High-Performance Networking Programming in C

 in
Programming techniques to get the best performance from your TCP applications.

TCP/IP network programming in C on Linux is good fun. All the advanced features of the stack are at your disposal, and you can do lot of interesting things in user space without getting into kernel programming.

Performance enhancement is as much an art as it is a science. It is an iterative process, akin to an artist gingerly stroking a painting with a fine brush, looking at the work from multiple angles at different distances until satisfied with the result.

The analogy to this artistic touch is the rich set of tools that Linux provides in order to measure network throughput and performance. Based on this, programmers tweak certain parameters or sometimes even re-engineer their solutions to achieve the expected results.

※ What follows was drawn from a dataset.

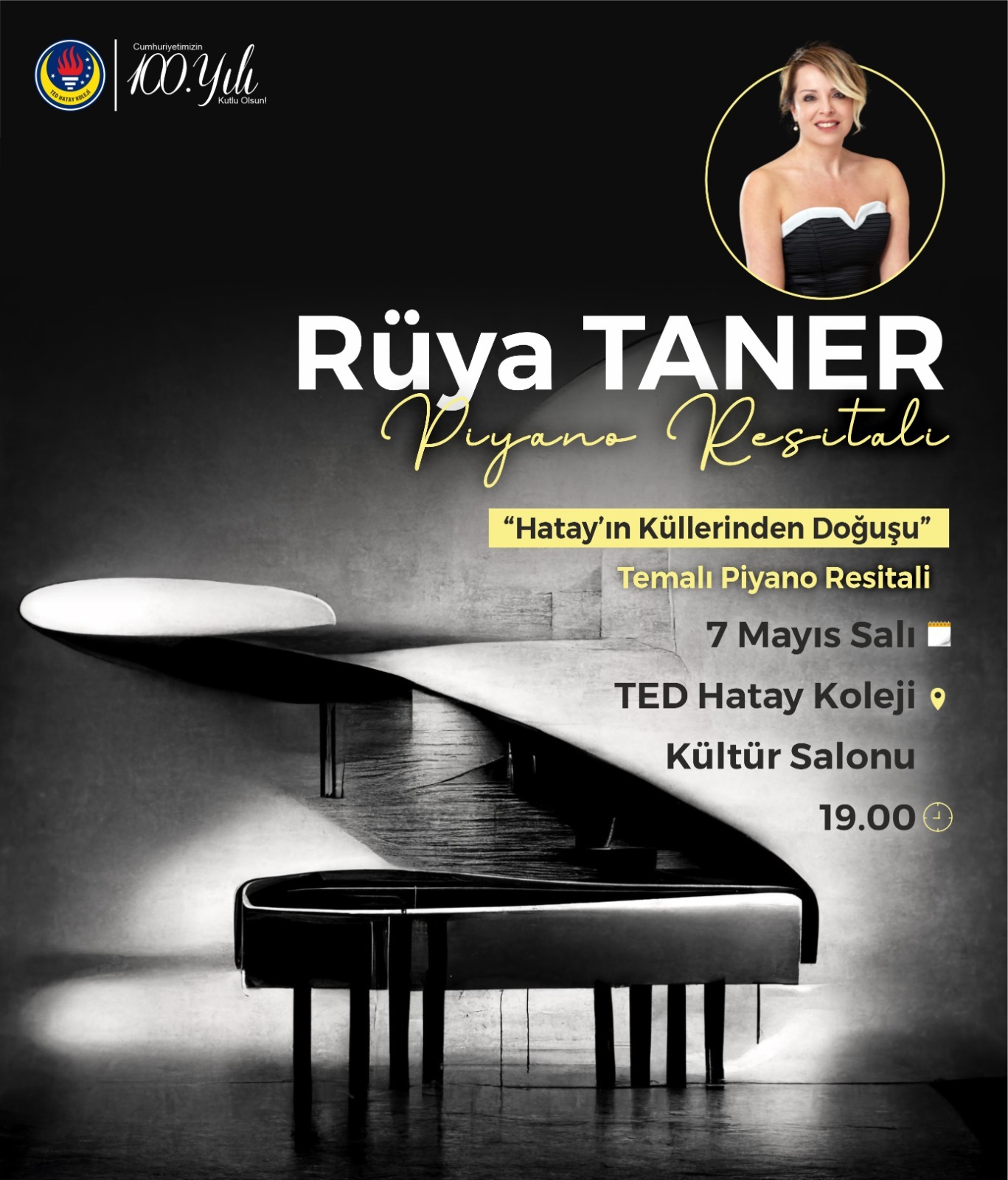 TED Kolejinden Rüya Taner piyano resitali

I won't dwell further upon the artistic side of high-performance programming. In this article, I focus on certain generic mechanisms that are guaranteed to provide a noticeable improvement. Based on this, you should be able to make the final touch with the help of the right tools.

I deal mostly with TCP, because the kernel does the bandwidth management and flow control for us. Of course, we no longer have to worry about reliability either. If you are interested in performance and high-volume traffic, you will arrive at TCP anyway.

What Is Bandwidth?

Once we answer that question, we can ask ourselves another useful question, “How can we get the best out of the available bandwidth?”

Bandwidth, as defined by Wikipedia, is the difference between the higher and lower cutoff frequencies of a communication channel. Cutoff frequencies are determined by basic laws of physics—nothing much we can do there.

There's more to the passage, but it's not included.